O si sghignazza, se non si ama troppo il cantante e la sua vocazione a fare di tutto un melodramma. E non potrebbe essere altrimenti, perché il film è costruito tutto a immagine e somiglianza di Tiziano, dall' infanzia difficile (obesità, bullismo) fino a tradurre in immagine le modalità terapeutiche dei gruppi di alcolisti anonimi, cui ha partecipato.
La sua carriera, dai primi incerti passi mossi sui palchi amatoriali di Latina ai trionfi internazionali, è riletta alla luce di un' opposizione «lacerante»: la ribalta dei successi e il retroscena segnato da sofferenze, cadute, fragilità estreme che lo hanno a lungo tormentato, lasciando cicatrici interiori che tutt' oggi non paiono del tutto sanate.
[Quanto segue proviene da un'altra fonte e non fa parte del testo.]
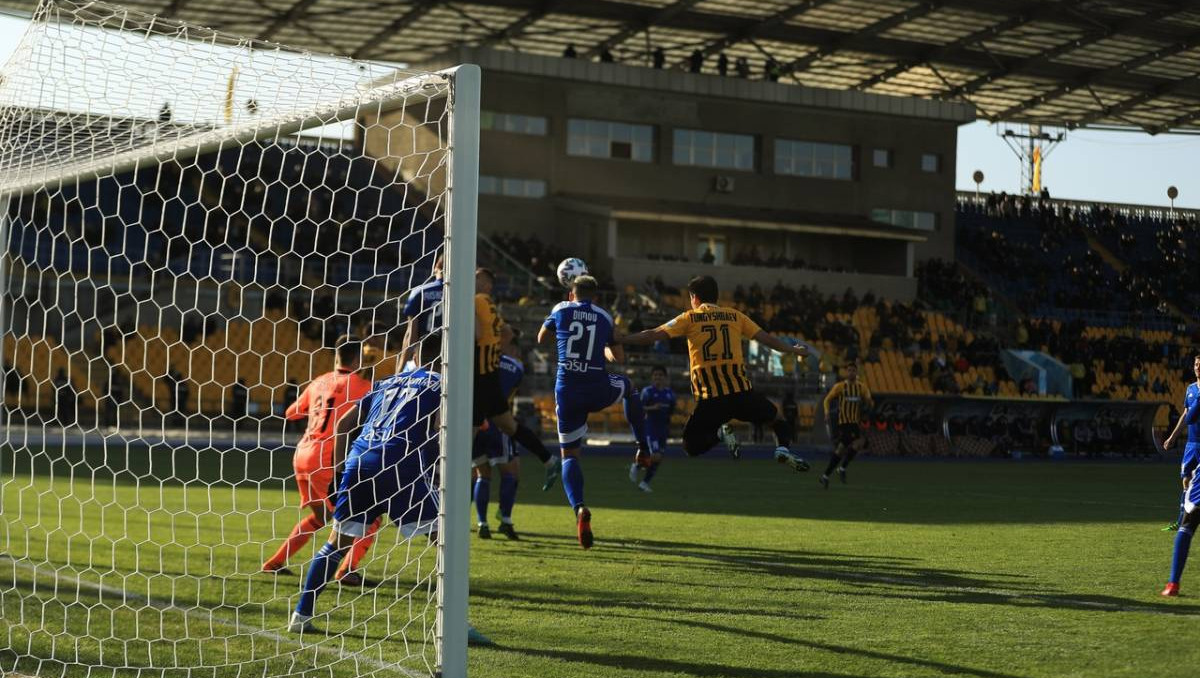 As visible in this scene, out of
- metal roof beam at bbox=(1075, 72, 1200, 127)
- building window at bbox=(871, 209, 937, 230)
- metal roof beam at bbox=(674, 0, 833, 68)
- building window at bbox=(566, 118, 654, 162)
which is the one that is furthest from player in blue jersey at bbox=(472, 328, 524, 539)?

L' obiettivo di «Ferro» non è la consacrazione di un artista benedetto da una voce che nel tempo ha guadagnato (se possibile) ancora più profondità e colore, ma una riflessione quasi pedagogica sulle sofferenze che derivano dal doversi conformare a logori standard sociali per essere accettati.
tiziano ferro
Non per niente, una delle sequenze più riuscite del film è la visita di Tiziano a una classe di liceali americani che studiano l' italiano attraverso le sue canzoni. Il viaggio simbolico dalla provincia laziale a Los Angeles non è stato breve e Tiziano Ferro è uno che sa farsi voler bene, tanto che i fan gli perdonano tutto e si rallegrano di quella studiata e istrionica teatralità che mette nell' autobiografia.
«Ferro» ha il sapore della rivincita: non credevate in me e invece sono diventato una popstar, sono anche conosciuto all' estero e adesso posso permettermi di costruirmi questo monumento in vita. Come tutti monumenti è a rischio trash, l' emulazione inappagata di un modello alto.